Liudong Zhang ^1* Zhen Lei ¹ Zhigang Ye ² Zhiqiang Peng ²

• ¹ Gird Dispatch Control Center, State Grid Jiangsu Electric Power Company, Nanjing, China, State Grid Jiangsu Electric Power Co., LTD, Nanjing, Jiangsu Province, China
• ² State Grid Jiangsu Electric Power Research Institute, Nanjing, China, State Grid Jiangsu Electric Power Co., LTD, Nanjing, Jiangsu Province, China

The increasing penetration of distributed photovoltaic (PV) brings challenges to the safe and reliable operation of distribution networks, and thus the assessment of distributed PV carrying capacity is of great significance for distribution network planning. Therefore, a differentiated scenario-based distributed PV carrying capacity assessment method based on a combination of Convolutional Neural Networks (CNN) and Gated Recurrent Unit (GRU) is proposed. Firstly, the meteorological characteristics affecting PV power are quantitatively analyzed using Pearson's correlation coefficient, and the influence of external factors on PV power characteristics is assessed by integrating the measured data. Then, for the problem of high blindness of clustering parameters and initial clustering centers in the K-means clustering algorithm, the optimal number of clusters is determined by combining the cluster Density Based Index (DBI) and hierarchical clustering.
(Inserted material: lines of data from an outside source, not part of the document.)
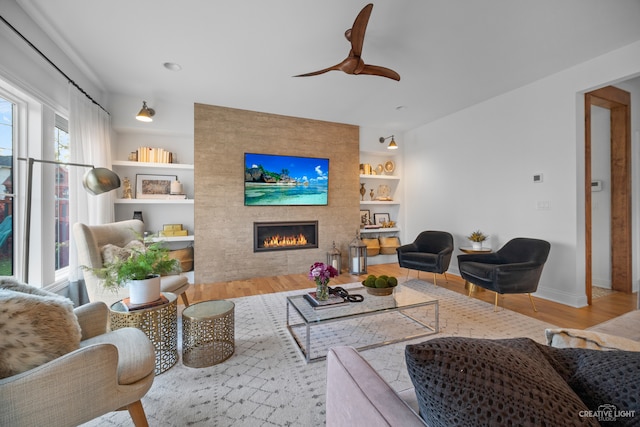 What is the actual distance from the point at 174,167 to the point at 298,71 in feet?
7.67

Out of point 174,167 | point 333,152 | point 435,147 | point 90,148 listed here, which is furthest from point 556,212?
point 90,148

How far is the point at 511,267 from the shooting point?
9.37ft

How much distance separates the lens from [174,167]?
398 centimetres

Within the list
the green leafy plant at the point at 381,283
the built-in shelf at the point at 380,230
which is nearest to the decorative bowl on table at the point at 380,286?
the green leafy plant at the point at 381,283

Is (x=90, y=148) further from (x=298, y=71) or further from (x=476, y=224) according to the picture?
(x=476, y=224)

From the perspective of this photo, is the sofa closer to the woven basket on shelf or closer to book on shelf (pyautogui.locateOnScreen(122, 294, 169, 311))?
book on shelf (pyautogui.locateOnScreen(122, 294, 169, 311))

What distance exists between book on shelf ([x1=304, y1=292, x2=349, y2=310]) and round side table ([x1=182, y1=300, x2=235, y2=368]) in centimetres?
66

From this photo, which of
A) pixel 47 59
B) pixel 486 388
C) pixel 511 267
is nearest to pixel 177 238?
pixel 47 59

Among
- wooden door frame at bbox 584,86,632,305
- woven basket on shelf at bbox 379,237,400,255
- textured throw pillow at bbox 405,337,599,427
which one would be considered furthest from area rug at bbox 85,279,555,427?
woven basket on shelf at bbox 379,237,400,255

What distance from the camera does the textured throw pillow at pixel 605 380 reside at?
0.48 metres

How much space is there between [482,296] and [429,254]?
32.5 inches

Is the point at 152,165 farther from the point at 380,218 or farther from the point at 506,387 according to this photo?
the point at 506,387

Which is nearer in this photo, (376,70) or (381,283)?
(381,283)

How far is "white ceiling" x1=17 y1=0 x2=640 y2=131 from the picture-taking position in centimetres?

The improved K-means clustering method reduces the complexity of massive scenarios to obtain distributed PV power under differentiated scenarios. On this basis, a distributed PV power prediction method based on the CNN-GRU model is proposed, which employs the CNN model for feature extraction of high-dimensional data, and then the temporal feature data are optimally trained by the GRU model. Based on the clustering results, the solution efficiency is effectively improved and the accurate prediction of distributed PV power is realized. Finally, taking into account the PV access demand of the distribution network, combined with the power flow calculation of distribution network, the bearing capacity of distribution network considering node voltage in differentiated scenarios is evaluated. In addition, verified by source-grid-load measured data in IEEE 33-bus distribution system, the simulation results show that the proposed CNN-GRU fusion deep learning model can accurately and efficiently assess the distributed PV carrying capacity of the distribution network and provide theoretical guidance for realizing distributed PV access on a large scale.